Shopping, Arts and Business Center "Stary Browar" is the center of commerce and art, built in November 2003, located in the center of Poznań, Poland at 42 Półwiejska Street.
The center is a combination of retail space and an art gallery. The shopping center is adjacent to a Class A high-rise office complex.  The total area of the center is around 130 000 m². The Old Brewery is home to around 210 stores and restaurants.  The building was designed on the basis of a historic factory - the former Brewery Huggerów - by Studio ADS.  The investor was Fortis, a company owned by Grazyna Kulczyk. Since 2015 it belongs to Deutsche Asset & Wealth Management, which current name is Deutsche Asset Management. The décor was designed by stage designer Ryszard Kaja.
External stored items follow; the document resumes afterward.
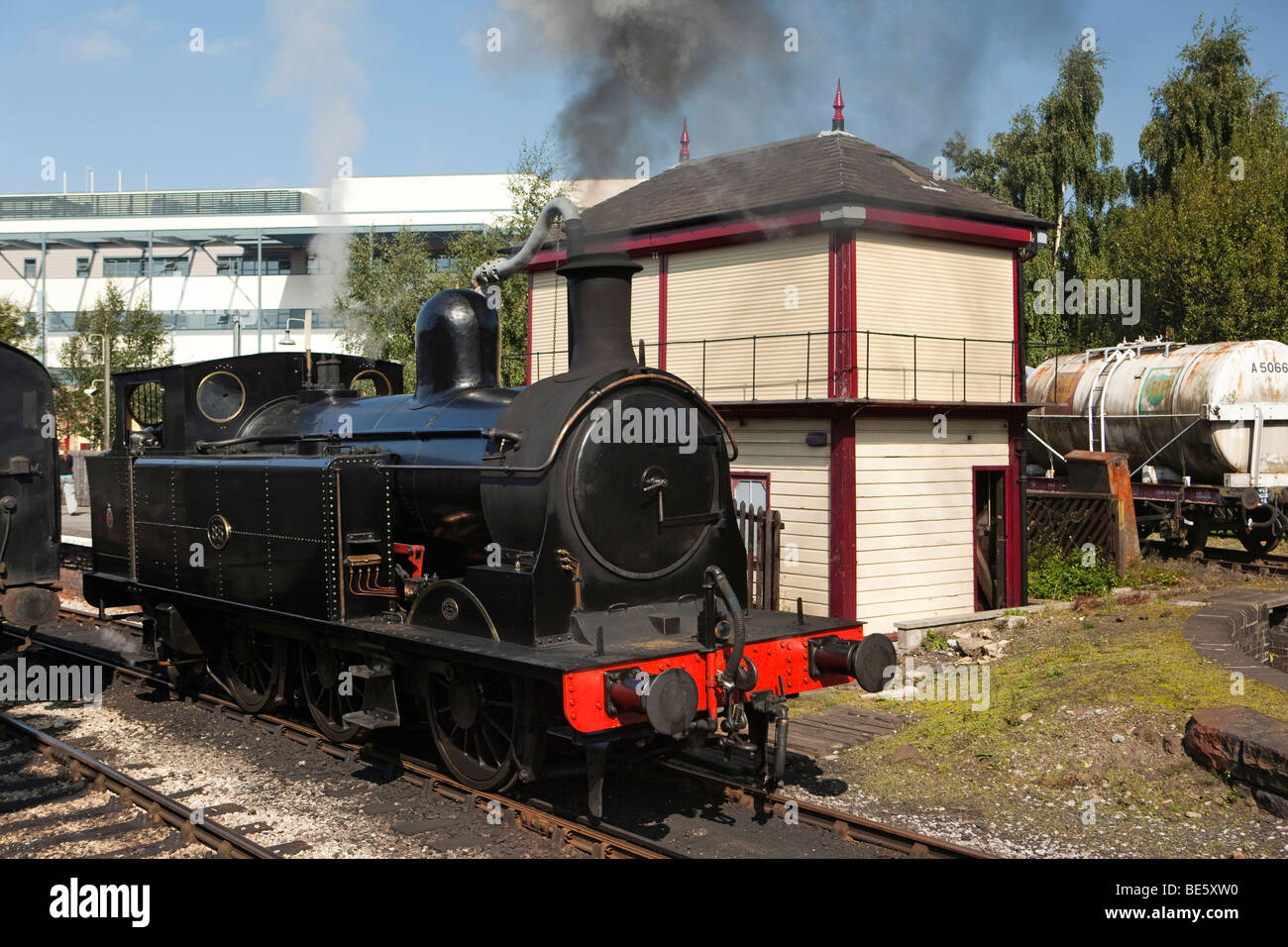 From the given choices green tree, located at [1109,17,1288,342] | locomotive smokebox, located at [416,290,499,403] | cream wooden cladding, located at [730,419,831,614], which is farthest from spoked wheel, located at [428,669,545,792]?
green tree, located at [1109,17,1288,342]

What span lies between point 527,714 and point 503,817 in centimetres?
78

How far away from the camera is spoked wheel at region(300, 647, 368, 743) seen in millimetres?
8664

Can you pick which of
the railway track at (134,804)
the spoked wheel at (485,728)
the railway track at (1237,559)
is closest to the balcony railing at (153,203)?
the railway track at (1237,559)

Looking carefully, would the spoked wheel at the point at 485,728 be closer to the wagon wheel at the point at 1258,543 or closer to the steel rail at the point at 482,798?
the steel rail at the point at 482,798

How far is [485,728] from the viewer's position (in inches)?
296

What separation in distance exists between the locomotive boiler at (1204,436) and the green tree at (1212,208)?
8490mm

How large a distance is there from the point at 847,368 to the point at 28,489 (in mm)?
9209

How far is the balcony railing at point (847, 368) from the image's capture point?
1303 cm

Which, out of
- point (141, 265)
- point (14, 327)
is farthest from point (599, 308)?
point (141, 265)

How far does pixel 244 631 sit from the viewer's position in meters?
9.93

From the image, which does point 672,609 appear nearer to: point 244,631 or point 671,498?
point 671,498

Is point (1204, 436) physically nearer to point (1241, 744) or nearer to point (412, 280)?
point (1241, 744)
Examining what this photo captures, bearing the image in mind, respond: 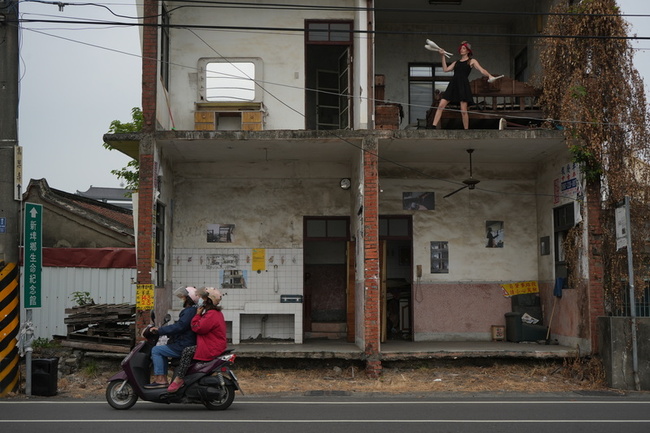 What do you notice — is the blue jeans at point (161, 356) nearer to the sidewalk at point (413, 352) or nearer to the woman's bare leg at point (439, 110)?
the sidewalk at point (413, 352)

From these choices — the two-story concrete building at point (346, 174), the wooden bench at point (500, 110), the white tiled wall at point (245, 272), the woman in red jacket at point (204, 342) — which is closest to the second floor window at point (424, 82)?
the two-story concrete building at point (346, 174)

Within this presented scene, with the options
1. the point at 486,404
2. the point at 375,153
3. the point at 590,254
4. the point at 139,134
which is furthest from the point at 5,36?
the point at 590,254

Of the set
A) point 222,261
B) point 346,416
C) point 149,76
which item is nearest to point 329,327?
point 222,261

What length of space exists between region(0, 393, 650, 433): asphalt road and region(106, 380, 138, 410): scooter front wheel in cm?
16

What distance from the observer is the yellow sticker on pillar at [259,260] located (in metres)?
17.7

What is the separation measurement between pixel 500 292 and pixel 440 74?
5.45 metres

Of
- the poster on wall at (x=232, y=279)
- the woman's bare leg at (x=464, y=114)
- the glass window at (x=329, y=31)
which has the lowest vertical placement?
the poster on wall at (x=232, y=279)

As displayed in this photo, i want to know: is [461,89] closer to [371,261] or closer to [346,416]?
[371,261]

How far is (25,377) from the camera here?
13.8m

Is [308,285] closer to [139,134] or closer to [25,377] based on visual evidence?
[139,134]

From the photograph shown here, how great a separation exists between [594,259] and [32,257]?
10255 millimetres

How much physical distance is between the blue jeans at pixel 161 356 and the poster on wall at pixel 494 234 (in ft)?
29.7

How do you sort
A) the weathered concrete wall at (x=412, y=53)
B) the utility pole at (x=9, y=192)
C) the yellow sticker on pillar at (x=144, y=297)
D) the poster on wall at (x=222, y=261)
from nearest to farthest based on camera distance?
the utility pole at (x=9, y=192), the yellow sticker on pillar at (x=144, y=297), the poster on wall at (x=222, y=261), the weathered concrete wall at (x=412, y=53)

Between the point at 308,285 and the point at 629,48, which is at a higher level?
the point at 629,48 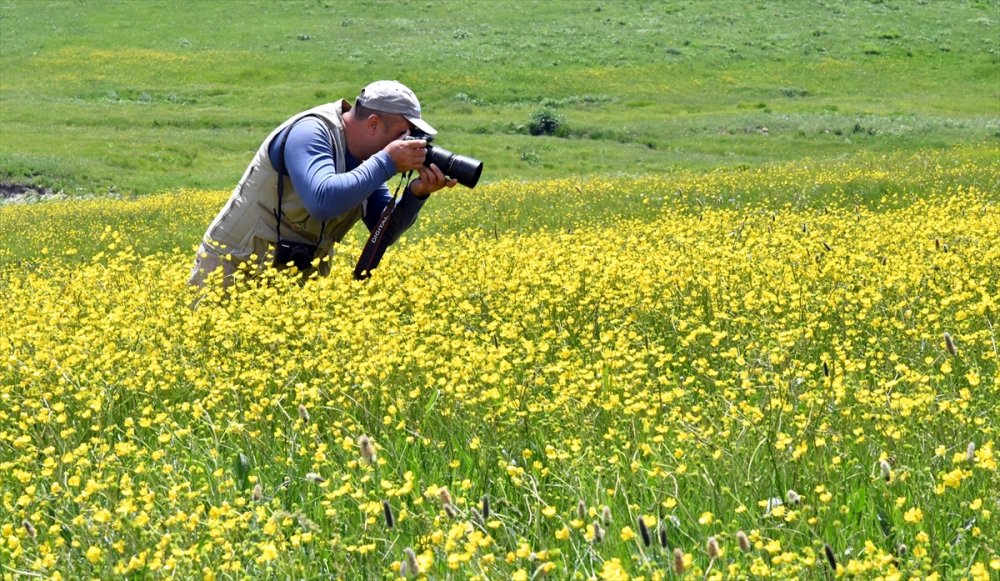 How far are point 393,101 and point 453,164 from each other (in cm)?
47

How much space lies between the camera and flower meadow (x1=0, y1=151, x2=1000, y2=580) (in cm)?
302

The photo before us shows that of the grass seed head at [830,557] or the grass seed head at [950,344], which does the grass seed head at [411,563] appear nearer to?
the grass seed head at [830,557]

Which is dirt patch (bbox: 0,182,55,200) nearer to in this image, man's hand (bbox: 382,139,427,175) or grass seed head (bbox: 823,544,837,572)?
man's hand (bbox: 382,139,427,175)

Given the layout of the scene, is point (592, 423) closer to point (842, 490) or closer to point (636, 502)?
point (636, 502)

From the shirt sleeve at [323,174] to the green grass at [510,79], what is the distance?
21.1 meters

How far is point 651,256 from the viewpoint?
22.0 feet

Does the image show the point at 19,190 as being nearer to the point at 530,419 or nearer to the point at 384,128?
the point at 384,128

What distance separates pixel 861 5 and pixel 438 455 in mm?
68467

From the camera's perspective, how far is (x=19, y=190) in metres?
27.9

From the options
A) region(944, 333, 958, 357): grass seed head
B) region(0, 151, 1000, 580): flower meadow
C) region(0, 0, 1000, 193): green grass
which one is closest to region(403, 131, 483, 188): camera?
region(0, 151, 1000, 580): flower meadow

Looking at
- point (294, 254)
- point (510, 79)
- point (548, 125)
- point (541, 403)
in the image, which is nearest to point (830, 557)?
point (541, 403)

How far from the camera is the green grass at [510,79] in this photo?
3206 centimetres

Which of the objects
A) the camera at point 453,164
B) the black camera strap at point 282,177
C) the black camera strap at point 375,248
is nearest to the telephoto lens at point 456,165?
the camera at point 453,164

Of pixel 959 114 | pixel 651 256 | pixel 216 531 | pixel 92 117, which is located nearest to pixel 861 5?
pixel 959 114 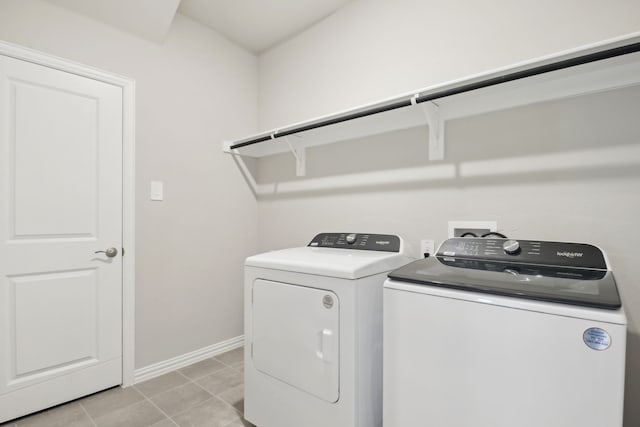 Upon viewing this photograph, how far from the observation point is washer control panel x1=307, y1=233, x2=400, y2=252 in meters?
1.79

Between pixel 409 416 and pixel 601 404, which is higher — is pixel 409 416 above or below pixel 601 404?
below

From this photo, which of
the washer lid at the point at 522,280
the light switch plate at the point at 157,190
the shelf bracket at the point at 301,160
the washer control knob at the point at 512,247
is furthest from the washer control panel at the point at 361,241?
the light switch plate at the point at 157,190

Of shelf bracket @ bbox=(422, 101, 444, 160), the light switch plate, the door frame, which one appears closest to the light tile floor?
the door frame

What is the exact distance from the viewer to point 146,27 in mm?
2135

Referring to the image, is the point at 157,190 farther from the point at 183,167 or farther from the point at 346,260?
the point at 346,260

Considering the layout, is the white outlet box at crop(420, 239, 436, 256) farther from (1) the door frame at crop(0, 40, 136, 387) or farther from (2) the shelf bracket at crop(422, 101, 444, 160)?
(1) the door frame at crop(0, 40, 136, 387)

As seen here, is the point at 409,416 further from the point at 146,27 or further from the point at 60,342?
the point at 146,27

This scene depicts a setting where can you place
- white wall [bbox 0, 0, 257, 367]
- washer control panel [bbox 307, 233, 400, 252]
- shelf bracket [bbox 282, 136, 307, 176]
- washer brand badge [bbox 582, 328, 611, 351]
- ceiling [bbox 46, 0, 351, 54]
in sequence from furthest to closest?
1. shelf bracket [bbox 282, 136, 307, 176]
2. white wall [bbox 0, 0, 257, 367]
3. ceiling [bbox 46, 0, 351, 54]
4. washer control panel [bbox 307, 233, 400, 252]
5. washer brand badge [bbox 582, 328, 611, 351]

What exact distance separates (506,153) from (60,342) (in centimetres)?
279

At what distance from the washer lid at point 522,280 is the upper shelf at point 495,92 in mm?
795

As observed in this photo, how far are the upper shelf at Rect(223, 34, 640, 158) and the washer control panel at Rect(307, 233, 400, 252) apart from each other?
1.96 feet

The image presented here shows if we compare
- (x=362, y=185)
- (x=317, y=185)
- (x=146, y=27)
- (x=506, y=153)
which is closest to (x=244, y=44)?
(x=146, y=27)

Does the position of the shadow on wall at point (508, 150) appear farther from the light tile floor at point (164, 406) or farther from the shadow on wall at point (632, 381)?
the light tile floor at point (164, 406)

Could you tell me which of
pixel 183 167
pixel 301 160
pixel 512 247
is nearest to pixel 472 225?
pixel 512 247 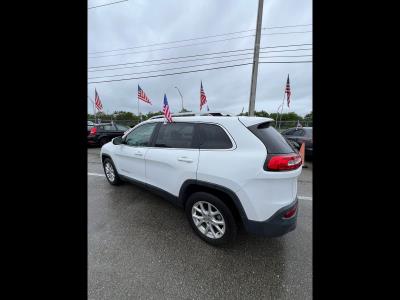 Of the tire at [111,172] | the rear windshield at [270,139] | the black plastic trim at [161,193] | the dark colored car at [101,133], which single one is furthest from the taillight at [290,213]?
the dark colored car at [101,133]

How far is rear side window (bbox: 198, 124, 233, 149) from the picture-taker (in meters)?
2.10

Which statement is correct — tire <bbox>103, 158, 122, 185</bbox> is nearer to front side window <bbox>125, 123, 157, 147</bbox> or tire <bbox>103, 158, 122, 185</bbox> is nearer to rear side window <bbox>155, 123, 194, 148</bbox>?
front side window <bbox>125, 123, 157, 147</bbox>

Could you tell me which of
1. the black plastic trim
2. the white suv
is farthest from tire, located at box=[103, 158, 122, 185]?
the white suv

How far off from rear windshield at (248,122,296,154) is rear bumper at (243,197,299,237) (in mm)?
622

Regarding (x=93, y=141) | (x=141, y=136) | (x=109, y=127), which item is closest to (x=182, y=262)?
(x=141, y=136)

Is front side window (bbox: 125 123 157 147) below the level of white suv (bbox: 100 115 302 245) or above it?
above

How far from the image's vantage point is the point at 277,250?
2160 mm

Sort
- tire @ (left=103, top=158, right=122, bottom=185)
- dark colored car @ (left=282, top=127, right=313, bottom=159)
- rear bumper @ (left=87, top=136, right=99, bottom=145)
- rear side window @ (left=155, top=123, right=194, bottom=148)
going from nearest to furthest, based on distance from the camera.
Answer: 1. rear side window @ (left=155, top=123, right=194, bottom=148)
2. tire @ (left=103, top=158, right=122, bottom=185)
3. dark colored car @ (left=282, top=127, right=313, bottom=159)
4. rear bumper @ (left=87, top=136, right=99, bottom=145)

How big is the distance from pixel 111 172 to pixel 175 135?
2354mm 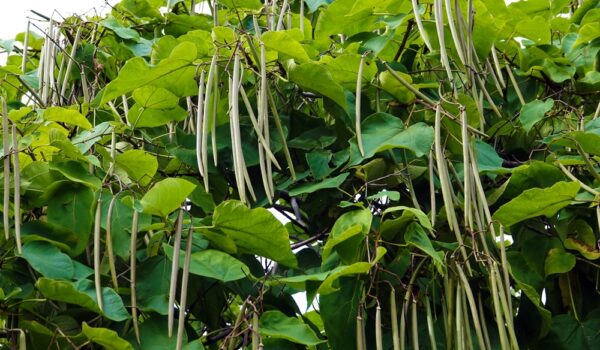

It is notable for preserving the original architecture and style.

History
Grażyna Kulczyk's effort to build the Museum of Contemporary and Performance Arts at Stary Browar was rejected.

Awards
2003 Gold Pencil in Architecture presented by Radio Merkury and Voice of Wielkopolska.
International Council of Shopping Centers Best Shopping Center in the World in the  medium-sized commercial buildings category. Prize awarded on 9 December 2005 during a gala celebration in Phoenix in Arizona.
International Council of Shopping Centers award for the best shopping center in Europe in the category of medium-sized commercial buildings.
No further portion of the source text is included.